### TRY IT:
The entries that follow contain images, which should be left out; output everything else exactly.

### RECORDS PROVIDED:
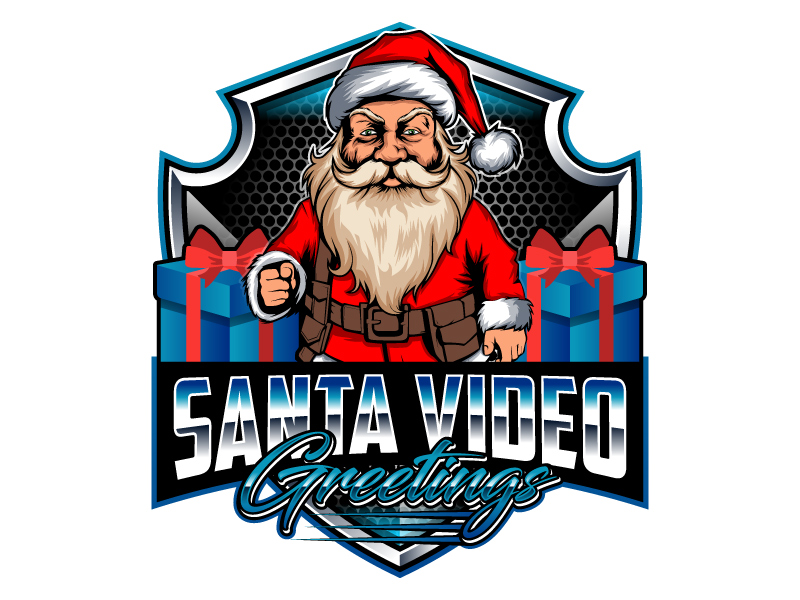 Santa Video Greetings logo design by Gilate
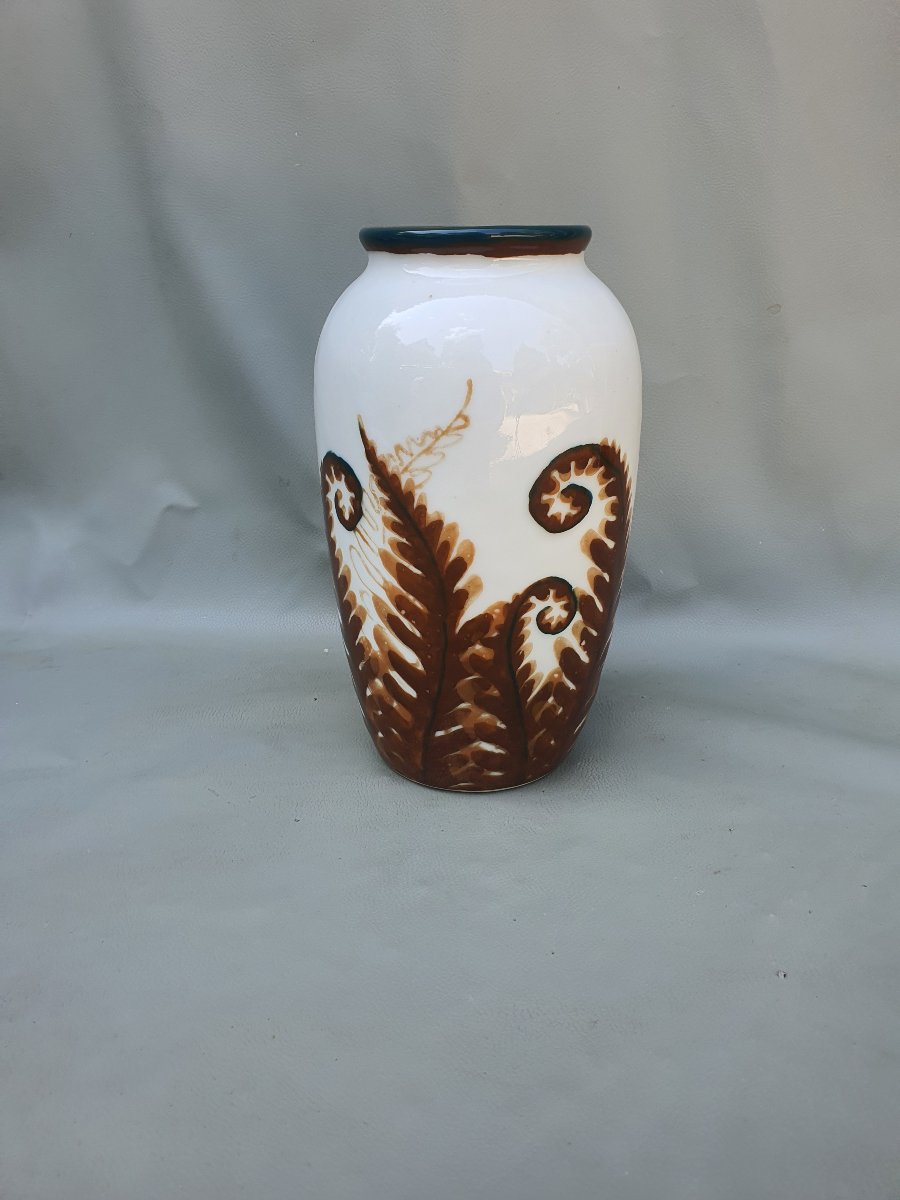 Art Deco Vase By Camille Tharaud. -photo-2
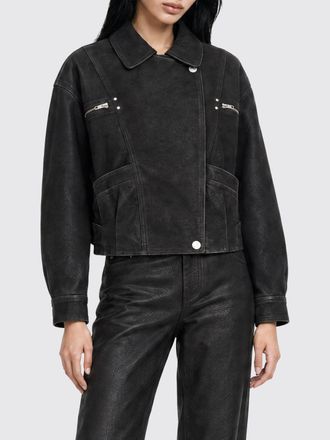 Isabel Marant Suede Leather Shirt Jacket with Concealed Closure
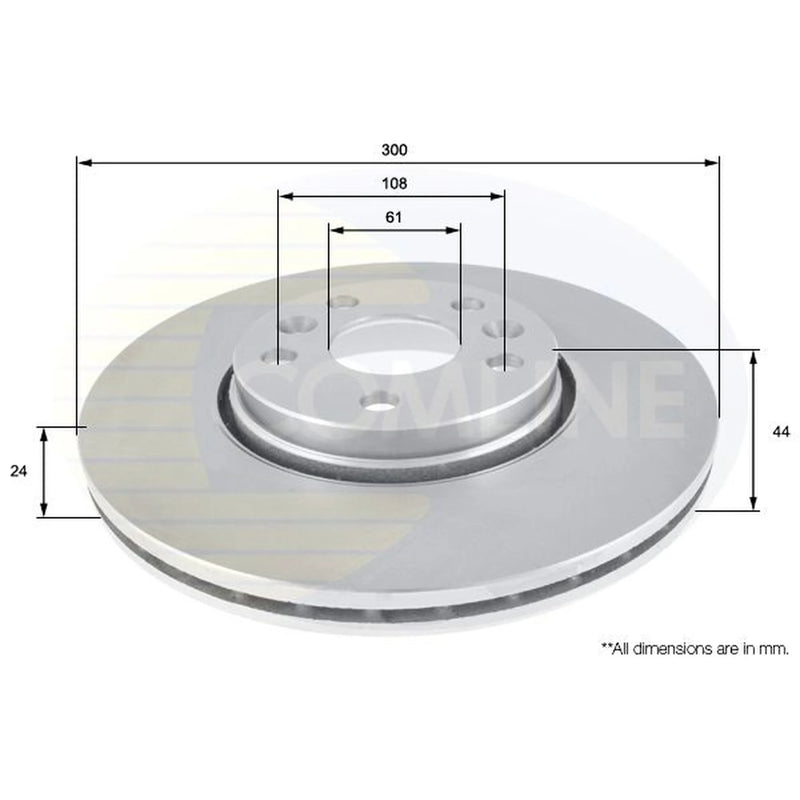 Comline 2 x Front Brake Discs ADC1599V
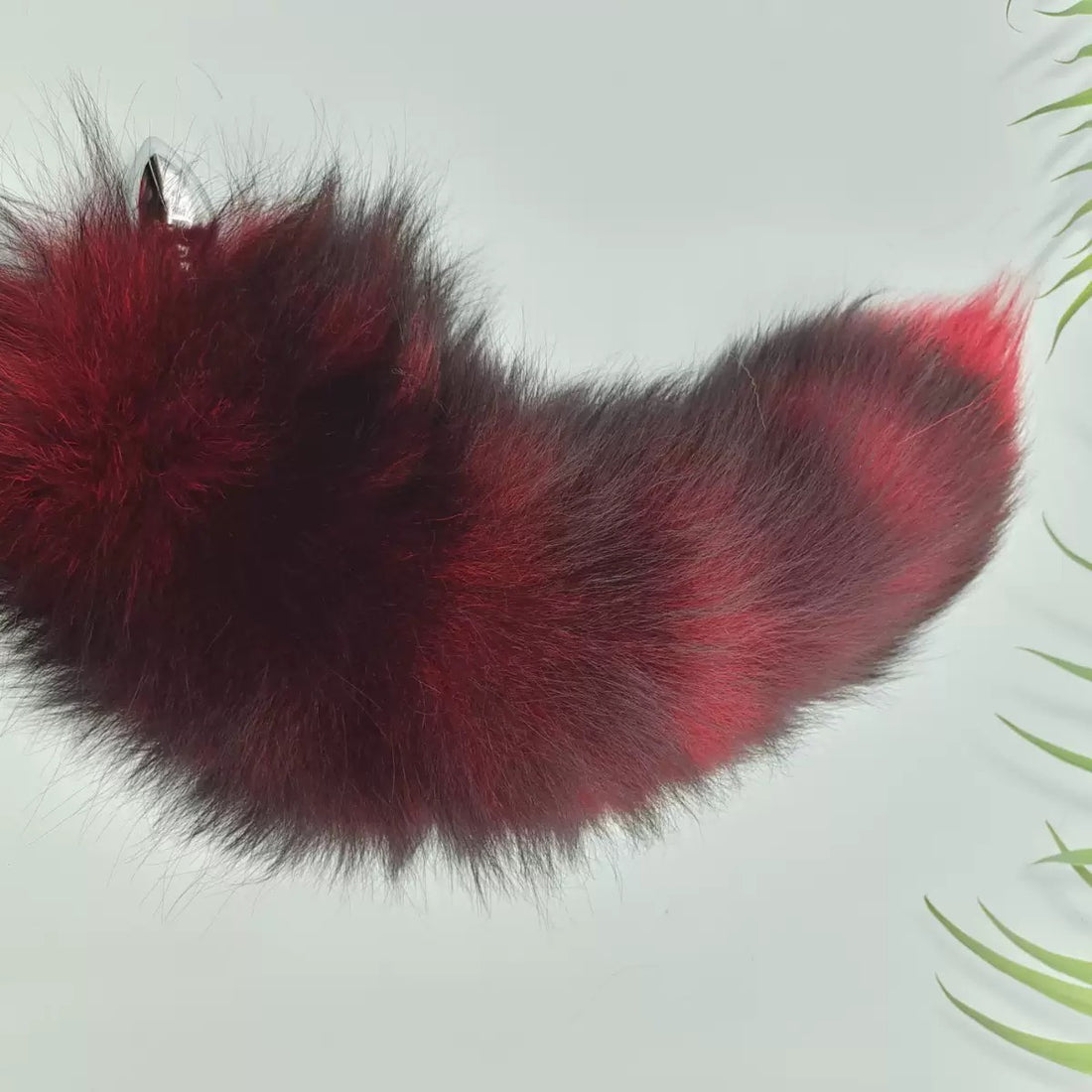 Red Squirrel Tail Anal Plug with Ears Set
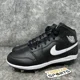 thumbnail image 2 of N I-K-E A i r-Jor-dan 1 Mid Metal Baseball Cleats Mens Sz 9.5 Black White AV5355-001, 2 of 6
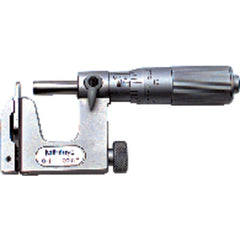 1″-2″ Measuring Range-0.0001″ Graduation - Friction Thimble - Carbide Face - Multi- Anvil Micrometer - Exact Tool & Supply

### WRITTEN REPLY:
 Santa Video Greetings logo design by Gilate
 Art Deco Vase By Camille Tharaud. -photo-2
 Isabel Marant Suede Leather Shirt Jacket with Concealed Closure
 Comline 2 x Front Brake Discs ADC1599V
 Red Squirrel Tail Anal Plug with Ears Set
 thumbnail image 2 of N I-K-E A i r-Jor-dan 1 Mid Metal Baseball Cleats Mens Sz 9.5 Black White AV5355-001, 2 of 6
 1″-2″ Measuring Range-0.0001″ Graduation - Friction Thimble - Carbide Face - Multi- Anvil Micrometer - Exact Tool & Supply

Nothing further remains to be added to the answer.